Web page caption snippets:
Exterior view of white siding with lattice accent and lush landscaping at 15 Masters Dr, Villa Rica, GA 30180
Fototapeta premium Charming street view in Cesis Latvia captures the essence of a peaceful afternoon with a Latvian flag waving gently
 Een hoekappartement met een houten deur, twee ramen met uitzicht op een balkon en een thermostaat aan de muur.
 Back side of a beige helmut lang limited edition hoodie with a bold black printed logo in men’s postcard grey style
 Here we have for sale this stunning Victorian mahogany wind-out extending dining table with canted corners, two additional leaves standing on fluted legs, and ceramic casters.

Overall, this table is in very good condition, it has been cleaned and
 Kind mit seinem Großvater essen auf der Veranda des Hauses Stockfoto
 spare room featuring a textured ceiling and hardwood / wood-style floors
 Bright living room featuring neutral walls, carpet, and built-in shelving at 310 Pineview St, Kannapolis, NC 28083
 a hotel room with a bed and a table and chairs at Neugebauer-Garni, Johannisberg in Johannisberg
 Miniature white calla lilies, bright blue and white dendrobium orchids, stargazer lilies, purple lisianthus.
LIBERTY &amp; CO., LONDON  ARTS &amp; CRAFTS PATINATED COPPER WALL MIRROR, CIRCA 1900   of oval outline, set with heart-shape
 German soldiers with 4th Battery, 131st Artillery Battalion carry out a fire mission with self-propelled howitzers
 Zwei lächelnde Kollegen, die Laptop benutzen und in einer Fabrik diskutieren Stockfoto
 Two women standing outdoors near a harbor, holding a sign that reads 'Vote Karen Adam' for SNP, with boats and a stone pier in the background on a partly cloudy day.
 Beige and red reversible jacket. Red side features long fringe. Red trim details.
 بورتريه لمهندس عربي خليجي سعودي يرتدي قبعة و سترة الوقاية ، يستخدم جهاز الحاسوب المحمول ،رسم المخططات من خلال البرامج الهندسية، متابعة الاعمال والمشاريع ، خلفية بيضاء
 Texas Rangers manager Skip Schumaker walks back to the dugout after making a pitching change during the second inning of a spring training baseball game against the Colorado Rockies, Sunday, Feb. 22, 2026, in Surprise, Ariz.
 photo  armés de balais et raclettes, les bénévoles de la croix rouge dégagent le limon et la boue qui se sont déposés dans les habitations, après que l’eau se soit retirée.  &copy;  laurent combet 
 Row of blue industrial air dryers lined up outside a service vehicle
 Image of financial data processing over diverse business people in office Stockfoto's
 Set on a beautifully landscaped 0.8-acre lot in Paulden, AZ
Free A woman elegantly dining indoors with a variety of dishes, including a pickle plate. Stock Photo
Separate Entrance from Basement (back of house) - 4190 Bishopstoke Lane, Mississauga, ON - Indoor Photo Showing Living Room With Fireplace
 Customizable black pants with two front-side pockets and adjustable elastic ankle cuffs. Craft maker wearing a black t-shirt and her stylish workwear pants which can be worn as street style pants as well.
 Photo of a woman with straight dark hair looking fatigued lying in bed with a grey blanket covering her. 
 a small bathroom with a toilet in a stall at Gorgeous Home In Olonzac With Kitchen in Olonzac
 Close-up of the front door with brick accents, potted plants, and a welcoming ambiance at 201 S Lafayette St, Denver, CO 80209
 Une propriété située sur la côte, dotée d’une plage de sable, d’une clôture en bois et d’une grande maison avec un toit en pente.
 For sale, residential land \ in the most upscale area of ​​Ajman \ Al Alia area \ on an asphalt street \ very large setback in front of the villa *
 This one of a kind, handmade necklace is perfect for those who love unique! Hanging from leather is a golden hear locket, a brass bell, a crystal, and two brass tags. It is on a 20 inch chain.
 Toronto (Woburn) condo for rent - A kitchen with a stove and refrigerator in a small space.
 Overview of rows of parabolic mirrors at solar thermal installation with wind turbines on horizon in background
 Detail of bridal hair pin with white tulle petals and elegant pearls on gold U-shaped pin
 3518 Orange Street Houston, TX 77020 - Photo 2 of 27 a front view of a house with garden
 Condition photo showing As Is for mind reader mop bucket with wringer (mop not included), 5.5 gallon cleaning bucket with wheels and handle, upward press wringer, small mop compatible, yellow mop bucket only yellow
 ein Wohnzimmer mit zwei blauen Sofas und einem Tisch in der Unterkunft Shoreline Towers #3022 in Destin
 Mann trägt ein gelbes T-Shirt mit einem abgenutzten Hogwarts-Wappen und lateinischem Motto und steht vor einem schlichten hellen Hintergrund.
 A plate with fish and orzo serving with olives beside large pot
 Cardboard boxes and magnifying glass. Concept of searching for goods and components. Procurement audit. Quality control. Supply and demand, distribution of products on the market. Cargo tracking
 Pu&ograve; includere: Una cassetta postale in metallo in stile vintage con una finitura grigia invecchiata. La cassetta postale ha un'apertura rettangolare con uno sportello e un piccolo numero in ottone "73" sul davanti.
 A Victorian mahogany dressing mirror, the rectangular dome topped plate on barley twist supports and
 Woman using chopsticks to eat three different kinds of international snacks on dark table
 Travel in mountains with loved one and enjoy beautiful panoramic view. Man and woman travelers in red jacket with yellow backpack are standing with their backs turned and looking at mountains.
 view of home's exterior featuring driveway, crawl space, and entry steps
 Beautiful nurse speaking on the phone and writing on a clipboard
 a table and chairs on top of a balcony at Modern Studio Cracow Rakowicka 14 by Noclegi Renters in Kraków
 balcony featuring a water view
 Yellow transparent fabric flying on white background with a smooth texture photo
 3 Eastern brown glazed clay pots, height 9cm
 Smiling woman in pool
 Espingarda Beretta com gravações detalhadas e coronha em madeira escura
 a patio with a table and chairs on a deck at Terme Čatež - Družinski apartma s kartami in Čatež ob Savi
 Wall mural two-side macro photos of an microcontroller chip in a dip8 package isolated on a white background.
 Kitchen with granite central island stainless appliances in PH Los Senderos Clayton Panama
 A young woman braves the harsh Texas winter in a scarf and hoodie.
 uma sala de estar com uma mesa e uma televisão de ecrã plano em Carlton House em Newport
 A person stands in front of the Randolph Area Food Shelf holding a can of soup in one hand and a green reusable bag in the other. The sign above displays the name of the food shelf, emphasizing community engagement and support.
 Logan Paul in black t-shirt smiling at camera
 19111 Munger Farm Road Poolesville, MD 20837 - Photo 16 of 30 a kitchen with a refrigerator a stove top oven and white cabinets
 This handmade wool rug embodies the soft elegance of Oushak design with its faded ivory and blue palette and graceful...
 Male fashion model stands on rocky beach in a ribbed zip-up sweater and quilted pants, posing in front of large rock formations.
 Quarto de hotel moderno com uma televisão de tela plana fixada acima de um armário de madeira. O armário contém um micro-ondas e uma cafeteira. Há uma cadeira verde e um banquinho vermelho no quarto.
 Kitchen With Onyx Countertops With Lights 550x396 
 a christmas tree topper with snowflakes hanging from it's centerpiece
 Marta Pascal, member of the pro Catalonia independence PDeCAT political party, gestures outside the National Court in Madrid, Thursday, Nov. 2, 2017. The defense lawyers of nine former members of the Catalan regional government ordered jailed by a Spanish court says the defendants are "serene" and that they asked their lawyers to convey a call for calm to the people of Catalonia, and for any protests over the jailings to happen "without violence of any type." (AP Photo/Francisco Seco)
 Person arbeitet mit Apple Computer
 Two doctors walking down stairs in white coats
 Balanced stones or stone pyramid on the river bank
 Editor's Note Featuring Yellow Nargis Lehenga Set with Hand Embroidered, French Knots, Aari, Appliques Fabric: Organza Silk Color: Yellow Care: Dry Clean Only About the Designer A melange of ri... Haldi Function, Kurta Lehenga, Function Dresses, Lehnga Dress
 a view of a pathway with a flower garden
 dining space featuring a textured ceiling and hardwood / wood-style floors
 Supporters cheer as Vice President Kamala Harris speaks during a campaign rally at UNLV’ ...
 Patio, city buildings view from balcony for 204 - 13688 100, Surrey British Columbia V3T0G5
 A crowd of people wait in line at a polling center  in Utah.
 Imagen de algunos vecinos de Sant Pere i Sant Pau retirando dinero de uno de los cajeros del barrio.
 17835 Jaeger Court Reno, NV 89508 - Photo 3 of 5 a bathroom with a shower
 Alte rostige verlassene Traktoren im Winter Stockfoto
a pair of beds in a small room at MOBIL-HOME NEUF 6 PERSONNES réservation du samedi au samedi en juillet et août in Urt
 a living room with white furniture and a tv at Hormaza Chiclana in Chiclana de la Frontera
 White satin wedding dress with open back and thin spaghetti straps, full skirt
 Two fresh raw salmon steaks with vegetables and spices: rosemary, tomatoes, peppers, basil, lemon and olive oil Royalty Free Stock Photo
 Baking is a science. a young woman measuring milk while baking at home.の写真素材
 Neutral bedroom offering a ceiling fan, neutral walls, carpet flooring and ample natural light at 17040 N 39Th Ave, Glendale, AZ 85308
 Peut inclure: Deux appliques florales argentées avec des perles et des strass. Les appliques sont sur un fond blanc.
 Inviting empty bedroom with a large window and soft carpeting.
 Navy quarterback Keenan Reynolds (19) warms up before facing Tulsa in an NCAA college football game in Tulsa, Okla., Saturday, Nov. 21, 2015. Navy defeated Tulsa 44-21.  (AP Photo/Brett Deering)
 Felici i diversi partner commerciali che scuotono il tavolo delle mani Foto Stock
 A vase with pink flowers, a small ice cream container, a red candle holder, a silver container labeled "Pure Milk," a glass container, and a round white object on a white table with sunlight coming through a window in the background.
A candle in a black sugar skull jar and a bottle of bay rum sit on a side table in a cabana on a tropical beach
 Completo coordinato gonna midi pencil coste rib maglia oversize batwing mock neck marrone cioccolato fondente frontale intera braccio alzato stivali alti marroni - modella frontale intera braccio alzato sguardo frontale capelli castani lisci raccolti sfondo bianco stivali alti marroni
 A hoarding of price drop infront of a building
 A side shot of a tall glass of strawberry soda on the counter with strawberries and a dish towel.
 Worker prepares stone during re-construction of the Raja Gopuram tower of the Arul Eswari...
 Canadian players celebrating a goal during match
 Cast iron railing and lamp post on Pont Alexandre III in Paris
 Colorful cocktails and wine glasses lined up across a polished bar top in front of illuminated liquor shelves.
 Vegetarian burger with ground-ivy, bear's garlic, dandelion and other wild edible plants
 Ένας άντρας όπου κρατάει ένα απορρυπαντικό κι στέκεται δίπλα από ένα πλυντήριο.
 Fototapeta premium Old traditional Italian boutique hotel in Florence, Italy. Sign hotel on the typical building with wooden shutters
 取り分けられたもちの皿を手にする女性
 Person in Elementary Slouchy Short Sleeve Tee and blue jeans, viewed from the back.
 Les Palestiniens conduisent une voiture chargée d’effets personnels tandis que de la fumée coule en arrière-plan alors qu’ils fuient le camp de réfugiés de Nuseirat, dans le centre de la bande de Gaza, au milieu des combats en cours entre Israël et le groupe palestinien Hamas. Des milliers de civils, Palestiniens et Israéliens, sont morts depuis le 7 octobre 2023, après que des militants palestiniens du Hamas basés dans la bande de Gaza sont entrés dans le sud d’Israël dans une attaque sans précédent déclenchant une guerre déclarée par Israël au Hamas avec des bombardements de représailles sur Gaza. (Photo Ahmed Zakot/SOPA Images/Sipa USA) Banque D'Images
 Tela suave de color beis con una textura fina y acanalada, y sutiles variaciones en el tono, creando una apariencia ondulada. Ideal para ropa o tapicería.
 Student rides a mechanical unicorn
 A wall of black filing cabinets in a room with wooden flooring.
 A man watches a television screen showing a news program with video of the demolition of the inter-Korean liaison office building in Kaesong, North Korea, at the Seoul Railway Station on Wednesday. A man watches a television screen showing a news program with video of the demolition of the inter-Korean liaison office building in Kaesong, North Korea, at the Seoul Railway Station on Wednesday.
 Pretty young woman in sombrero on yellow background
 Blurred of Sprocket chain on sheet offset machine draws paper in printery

WHAT NEEDS TO BE DONE: One stretch of the lines above is wanted, from the line that contains "Ένας άντρας όπου" through the line that contains "Person in Elementary". Output it exactly.

RESPONSE TO THE TASK:
 Ένας άντρας όπου κρατάει ένα απορρυπαντικό κι στέκεται δίπλα από ένα πλυντήριο.
 Fototapeta premium Old traditional Italian boutique hotel in Florence, Italy. Sign hotel on the typical building with wooden shutters
 取り分けられたもちの皿を手にする女性
 Person in Elementary Slouchy Short Sleeve Tee and blue jeans, viewed from the back.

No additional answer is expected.